___ INFORMATION ___

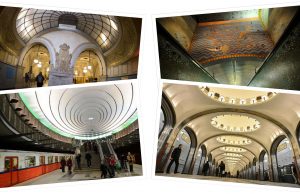 Οι ωραιότεροι υπόγειοι σταθμοί στην Ευρώπη!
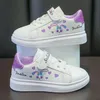 Mädchen Schuhe Kinder Turnschuhe Niedlichen Kaninchen Muster Skateboard Schuhe Mode Lässig Kleine Weiße Schuhe Kinder Walking Sport Schuhe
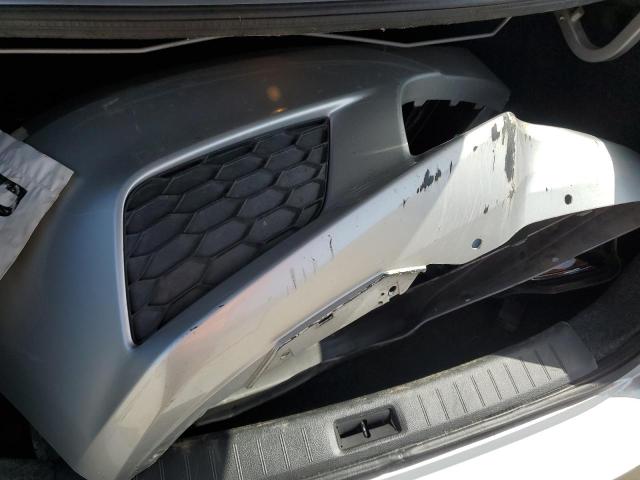 3N1AB7AP5KY360279 - 2019 NISSAN SENTRA S 灰色 照片 12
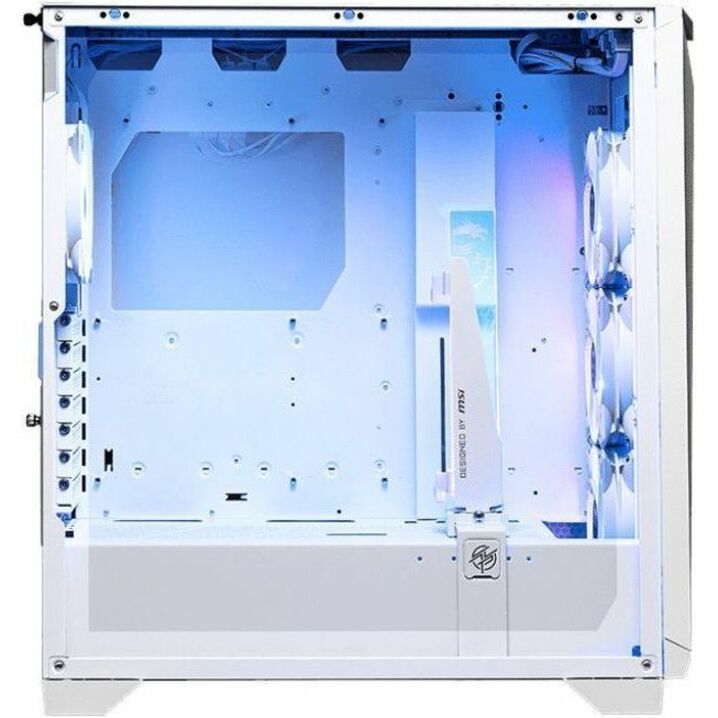 MSI PC Case MPG GUNGNIR 300R AIRFLOW / White — GUN300RAIRWHT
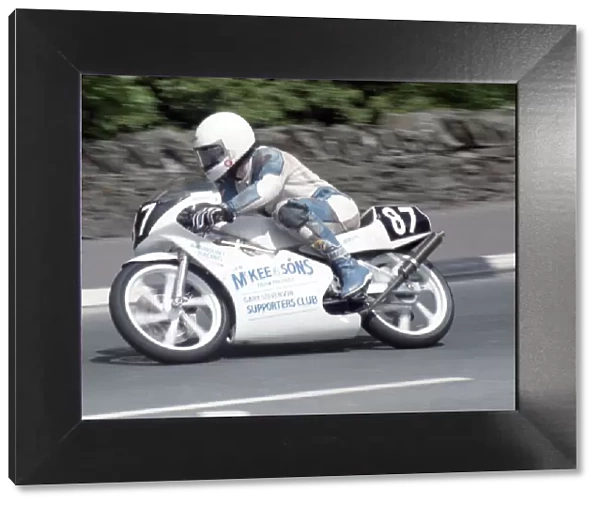 Gary Stevenson (Honda) 1994 Ultra Lightweight TT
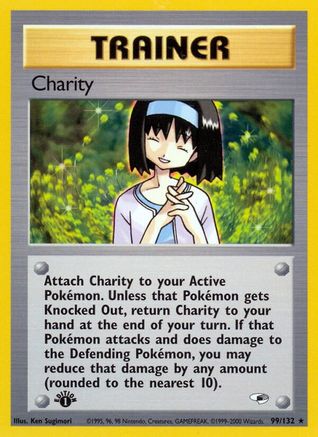 [PKM] Charity (99/132) [Gym Heroes 1st Edition]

___

* **AIM OF THE TASK**:
Set down, word for word, the line that holds "MSI PC Case" and all lines after it to the end of the entries above, but not the pictures.

* **EXPECTED ANSWER**:
 MSI PC Case MPG GUNGNIR 300R AIRFLOW / White — GUN300RAIRWHT
 Gary Stevenson (Honda) 1994 Ultra Lightweight TT
 [PKM] Charity (99/132) [Gym Heroes 1st Edition]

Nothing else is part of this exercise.